При внимательном прочтении «Просветителя» нетрудно проследить ход мыслей Волоцкого игумена. Вот как Иосиф живописует иконоборчество еретиков. «Они возносили многие хулы и поношения на Божественную церковь и всечестные иконы, говоря, что не следует поклоняться созданию рук, не следует изображать на святых иконах Св. Троицу, поскольку Авраам видел Бога с двумя ангелами, а не Троицу.. Они запрещали поклоняться божественным иконам и честному Кресту, бросали иконы в нечистые и скверные места, некоторые иконы они кусали зубами, как бешеные псы, некоторые разбивали, некоторые бросали в огонь и говорили: «…надругаемся над этими иконами, как жиды надругались над Христом»[223]. Сначала Иосиф излагает традиционные иконоборческие доводы, которые вкладывает в уста еретикам, затем переходит к их злобесньм деяниям, начиная от запрета на поклонение, переходя к дерзким богохульственным выходкам. В конце, словно спохватившись, что речь идет о «жидовствующих», говорит о том, что надругавшиеся над иконами новгородцы сознательно подражали иудеям.

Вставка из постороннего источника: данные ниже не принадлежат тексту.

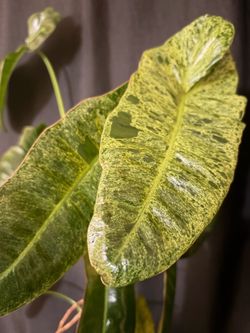 Philodendron Paraiso Verde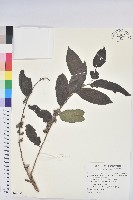 藏品(菲律賓饅頭果)的圖片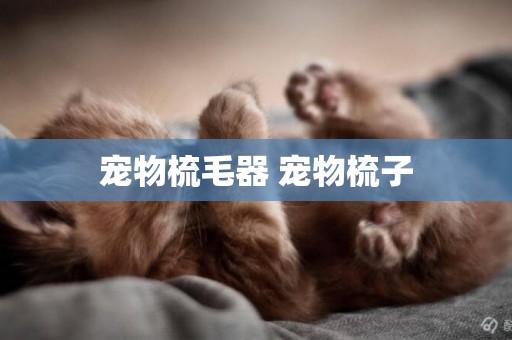 寵物梳毛器 寵物梳子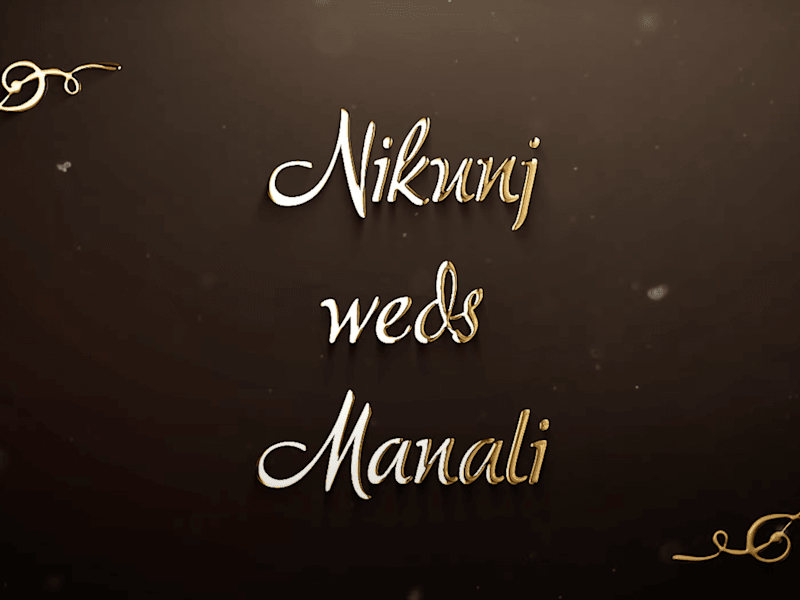 Cover image for Wedding Highlights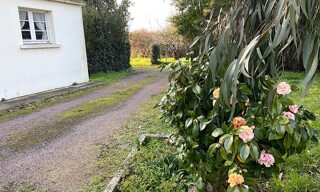 Photo N° 3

Волоцкий игумен вполне сознательно придал воззрениям новгородских еретиков как можно более неопределенный и широкий характер. Как выражается Е.Е. Голубинский, «что касается несобственного или дохристианского вольномыслия, то относительно его преп. Иосиф Волоколамский не сообщает ничего определенного»[224]. Разумеется! Определенность помешала бы преподобному выдвигать обвинения в принадлежности к ереси в отношении любого своего противника и оппонента. В этом смысле примечателен пример чернеца Захарии, настоятеля одного из монастырей близ Новгорода, который был изобличен как стригольник. В беседе с епископом Геннадием Захарий заявил: «А у кого, деи, ся причищати? Попы, деи, по мзде поставлены.. И аз познал что – стригольник», – резюмирует владыка[225]. Следовательно, Захария отношения ни к новгородским, ни к московским еретикам, ни к иудаизму не имел, но нашел покровителей в столице, что для Иосифа оказалось достаточным, чтобы приписать его к «жидовствующим»[226].

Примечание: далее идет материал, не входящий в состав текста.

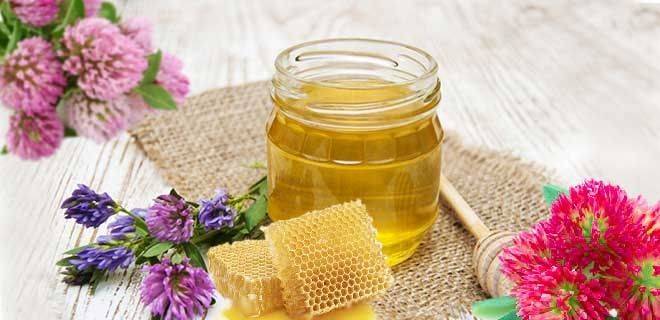Клеверный мед - полезные свойства и противопоказания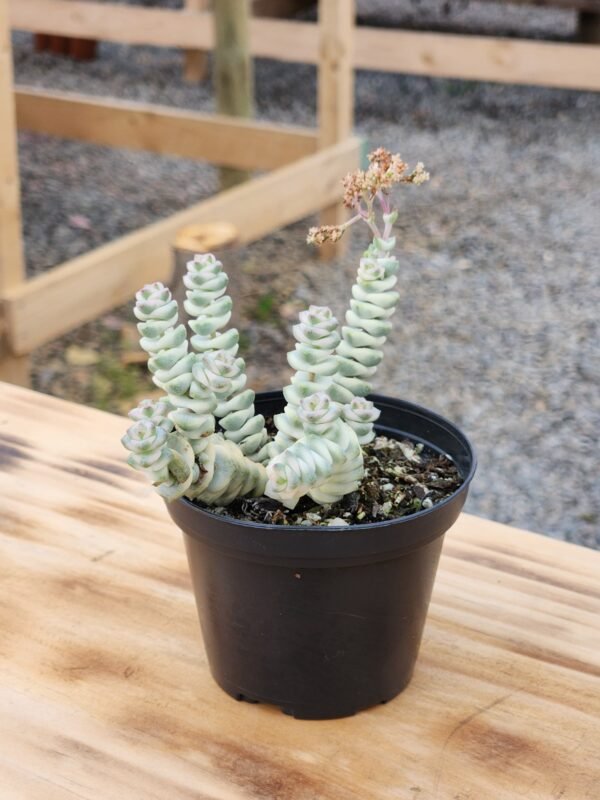 Crassula Baby Necklace Variegata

В этом отношении показательны 12 – 16 слова «Просветителя», составленные после 1504 года. В них преподобный отвечает «жидовствующим», которые якобы ратуют за прощение еретиков и отступников. Так, «слово» шестнадцатое направлено «против ереси новгородских еретиков, говорящих, что если еретики или отступники, обличенные в своих ересях и отступничестве и осужденные, начнут каяться, то следует принять их покаяние и удостоить их милости»[227]. На самом деле Иосиф полемизирует здесь не с учениками Схарии, а с заволжскими старцами, которые указывали игумену на то, что «нераскаявшихся и непокорных еретиков предписано держать в заключении, а покаявшихся и проклявших свое заблуждение еретиков Божья церковь принимает в распростертые объятия: ради грешников облекся плотью Сын Божий, и пришел он погибших сыскать и спасти»[228].
Однако Иосиф без всякого стеснения приписывает этот аргумент нестяжателей богомерзким еретикам, а заодно поясняет, что нынешние отступники каются притворно, а «поскольку в святых книгах не говорится, как принимать таковых еретиков и как определить, достойные ли плоды принесло их покаяние, не следует прощать их и давать им волю и послабление»[229]. Таким образом, Иосиф создает прецедент, в соответствии с которым любой враг партии «любостяжателей» будет обвинен в жидовстве, безотносительно истинных воззрений, им исповедуемых. Этот прием с успехом использовался иосифлянами на протяжении последующих десятилетий.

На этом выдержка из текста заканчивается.